Hatem was standing in the middle of an incomplete semicircle surrounded by young people sitting on wooden tiers. Their faces and clothes suggested that Kaaki had chosen them himself. He gave each of them a respectable amount of money for taking part in the program, so they were carefully chosen to be smart and well-dressed. Hatem could well have been meeting the public relations team from Thomas Cook. He had asked for the girls not to be separated from the boys, while leaving a clear distance between any boy and girl who were sitting next to each other.
“Mixed but
not cheek by jowl,” as Hatem had put it clearly.
Kaaki objected, arguing that it was too late to change the plan. Then he revealed his real motive: Saudi stations might refuse to buy the program if the boys and girls sat together.

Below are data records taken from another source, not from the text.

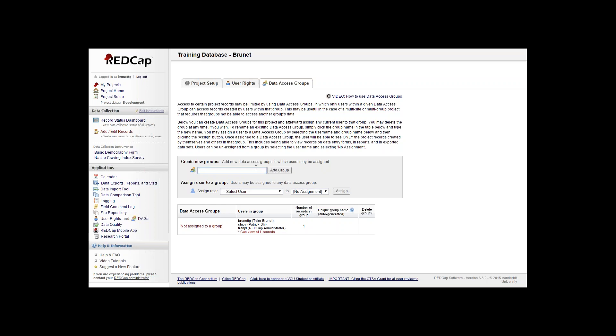For example, if you have two sites say Virginia Commonwealth University and Penn State University, you would add them as two different groups assigning individuals from each institution to their specific institution.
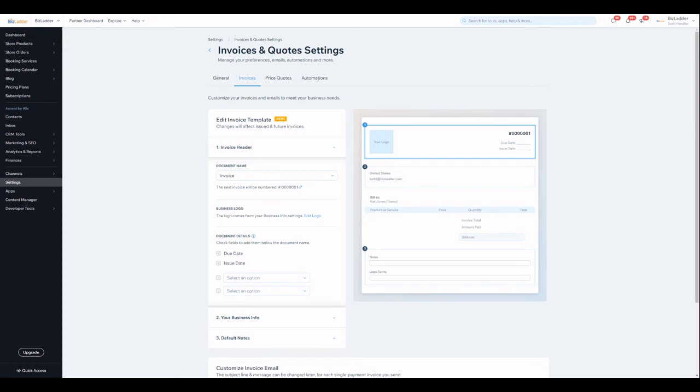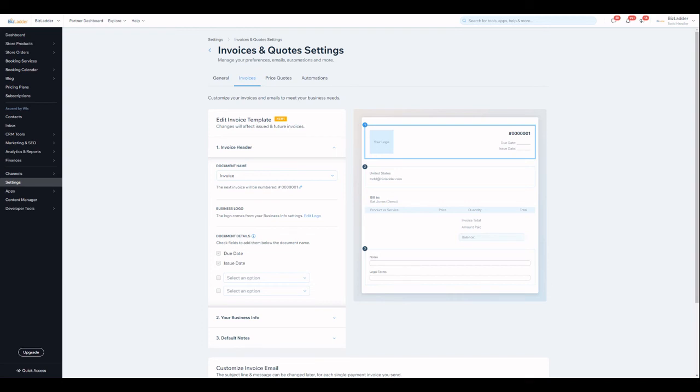So once you're done there that invoice will go out automatically. We could certainly get into more automations and more sophisticated ways of communicating with your visitors and customers, but any questions, any requests for new videos, put them in the comments here or reach out to us at BizLadder.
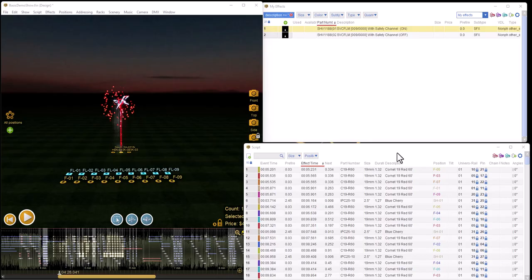Hi, this is Don and this is one of two videos to talk about setting up DMX effects in Finale and using them with Mongoose.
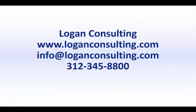Please visit our website at loganconsulting.com, email us at info at loganconsulting.com, or call us at 312-345-8800.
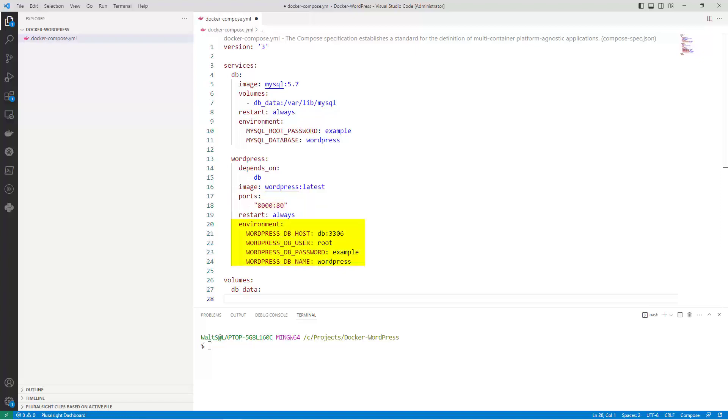Environment sets environment variables for the WordPress service. In this case it sets the database host, username, password, and database name.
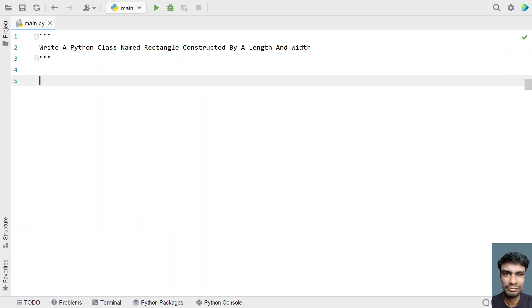Hey guys, welcome to my YouTube channel. In this video, let's learn a Python program — write a Python class named Rectangle, constructed by a length and width.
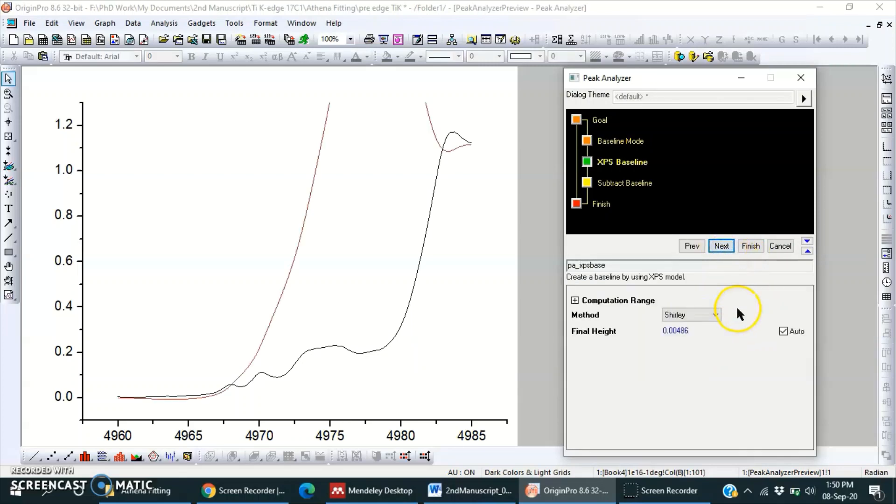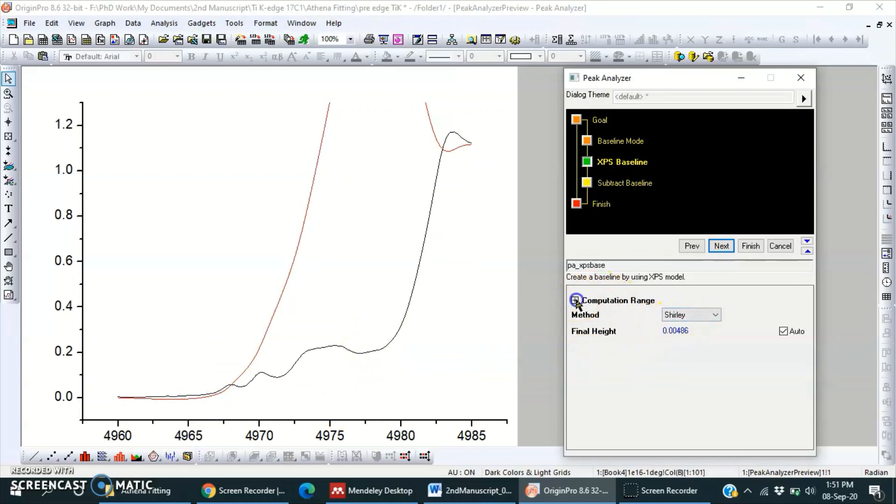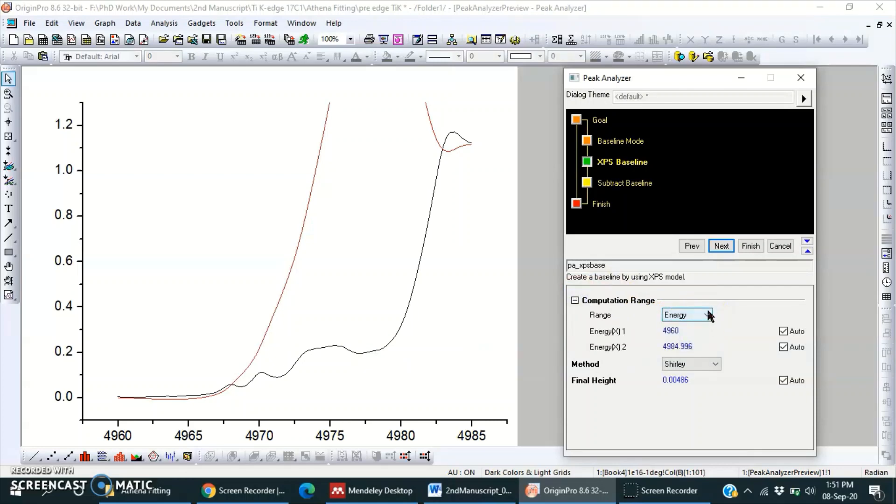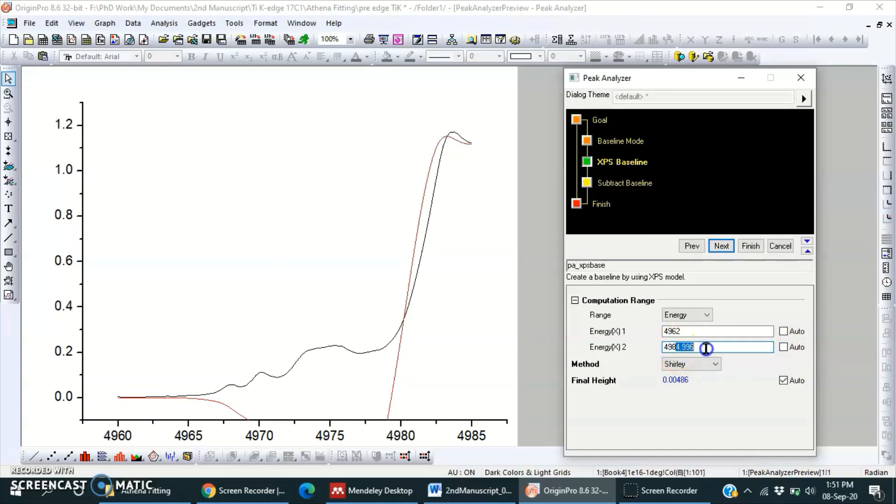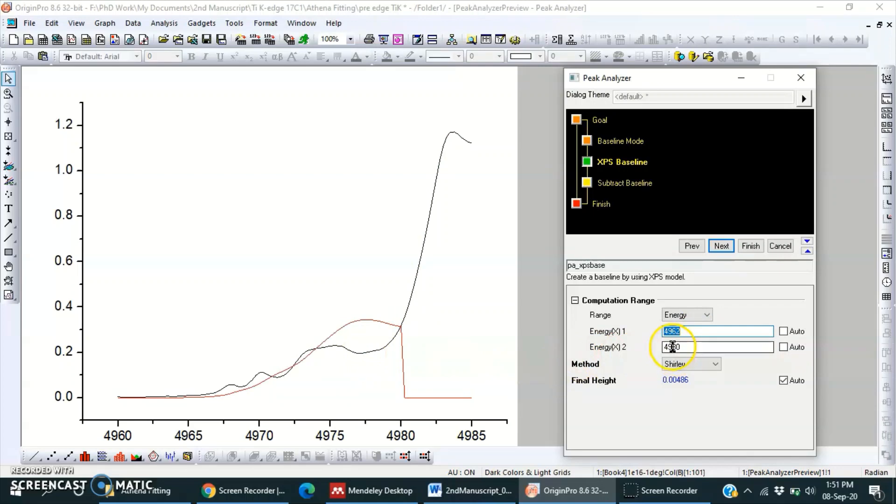And then next. Okay, this is a Shirley baseline for the whole spectra, but we need only from this to this point. So we have to change this setting. Here it is row, so change it to energy. And the range we can also change here. I have done 62, and then here I think it will be good. No, it is here, so here is 77 or 78. So 78, try. Not good, so try with 77.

“Mawlana, I barely managed to persuade them to let girls be present without the hijab,” he said. “Leave the format to me, Mawlana.”
So Hatem left it to him and cleared his throat, abandoning his ideas about being the enlightened preacher if that was a threat to marketing the program.
“Peace be upon you and the mercy and blessings of God. How are you all?” he began.
None of them answered and he realized they had not been given instructions to speak, except for the ones they had agreed would ask questions. The production team had assured Hatem that all the questions were phrased in a way that looked spontaneous and the questions were safe. Kaaki himself had reviewed them for censorship purposes and they had offered to brief Hatem on them so that he could prepare his responses. He smiled confidently and turned the offer down.
“Return the greeting. Don’t you know that if someone greets you, you should respond with an even better greeting, or at least return the greeting?” Hatem said.